Demikian nasehat Ida Sang Pendeta, dicamkan betul oleh para putranya bertiga. Pada hari yang baik, beliau kemudian berpulang ke Nirwana, moksa dengan Adhi Moksa-moksa yang utama, diiringkan oleh isterinya berdua, karena keduanya memang setia dan bhakti kepada beliau. Diceriterakan, beliau-beliau itu sudah menyatu dengan Tuhan. Tinggallah para putranya bertiga, ditinggal oleh ayah serta bundanya. Namun demikian masyarakat se wilayah desa Bukcabe, masih tulus bhaktinya, karena ingat kepada petuah Ki Dukuh Sakti Belatung dahulu. Pada hari yang baik, Ida Bang Banyak Wide mohon diri kepada saudaranya berdua, seraya berangkat menuju ke pulau jawa untuk menghadap kepada kakeknya yang bernama Ida Dang Hyang Siddhimantra. Diceriterakan perjalanan Ida Bang Banyak Wide, demikian banyaknya desa, perumahan serta hutan dilewatinya, lembah dan jurang yang dituruninya, jarang sekali berjumpa dengan manusia.
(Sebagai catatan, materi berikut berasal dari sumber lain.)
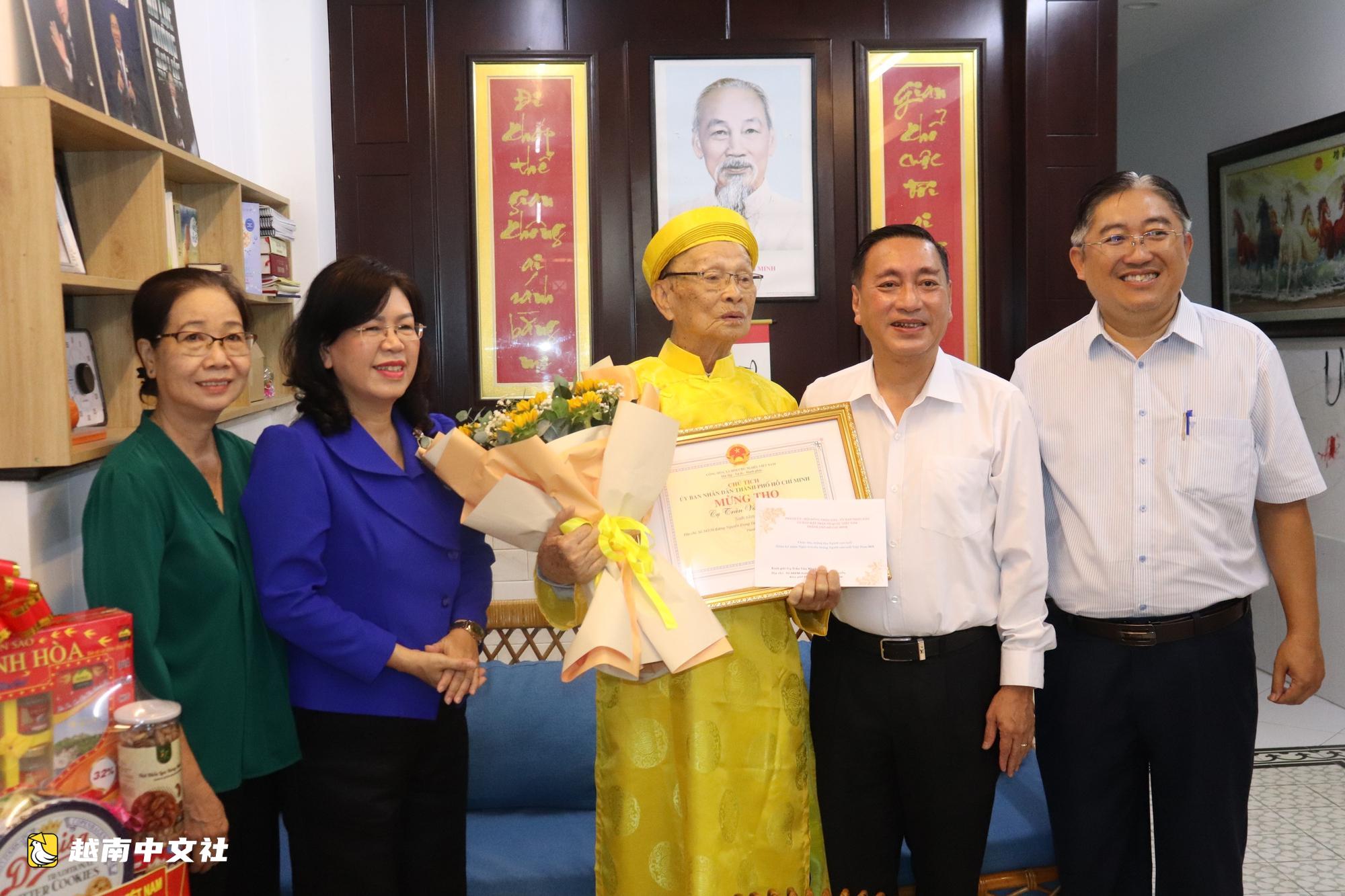 越南胡志明市領導走訪慰問優秀高齡老人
Banyak sekali kesulitan yang ditemuinya di jalan tak usah diceriterakan, namun Ida Bang Banyak Wide, walau masih jejaka muda-belia, demikian teguhnya kepada tekadnya, tidak pernah takut dan khawatir menghadapi kesulitan dan hambatan di jalan. Sesampainya di Jawa, Sang Banyak Wide bertemu dengan seorang Mpu yang bernama Mpu Sedah yang menceritakan tentang Dhang Hyang Sidhimantra yang sudah berpulang ke alam nirwana. Setelah sekian lama bertutur ajaran suci, berkenan kemudian Mpu Sedah mengangkat Ida Bang Banyak Wide sebagai putera beliau, diajari berbagai pengetahuan tentang ajaran Siwa paksa. Setelah mahir dalam berbagai ajaran suci, Ida Bang Banyak Wide menyunting I Gusti Ayu Pinatih yang merupakan puteri dari Ki Patih Arya Buleteng. Pernikahan itu disetujui oleh Arya Buleteng karena Ida Bang Banyak Wide bersedia menjadi penerus generasi Arya sampai dengan keturunannya kemudian. Berkaitan dengan perubahan setatus Ida Bang Banyak Wide dari Brahmana menjadi wangsa Arya, ada bhisama dari Mpu Sedah kepada Ida Bang Banyak Wide, antara lain;
Sloka:
Wredhanam kretanugraham, jagadhitam purohitam, wacanam wara widyanam, brahmanawangsatitah, Siwatwam, pujatityasam, trikayam pansudham, kayiko, waciko suklam, manaciko sidha pumam. Puranam tatwam tuhwanam, silakramam, sirarya pinatyam maho, witing kunam purwa Daham
            Karena kehendak Hyang Kuasa terjadilah perubahan wangsa itu, tetapi Mpu Sedang mengingatkan Ida Bang Banyak Wide agar selalu mempelajari aturan Sidhikarana. Mpu sedah juga menganugrahi Sang Bang Banyak Wide sebuah keris pusaka bemama Ki Brahmana, seperangkat  Siwapakarana sebagai peralatan pemujaan seorang pendeta dan berbagai pustaka weda, agar dipuja, sebagai pusaka yang berkedudukan bagaikan kawitan-leluhurnya, sebagai perlambang jati diri seorang Arya Bang Pinatih, yang berasal dari brahmana dahulunya. Ada nasehat Mpu Sedah juga untuk seluruh keturunan Arya Wang Bang, agar paham tentang Filfasat Kedharman, selalu kokoh melakukan tapa yoga brata, memiliki ilmu pengetahuan yang berguna, pandai akan ilmu kerohanian, serta selalu mengupayakan ketrentraman, menganut prilaku Brahmana Wangsa, dapat didiksa, menjadi pendeta maharesi.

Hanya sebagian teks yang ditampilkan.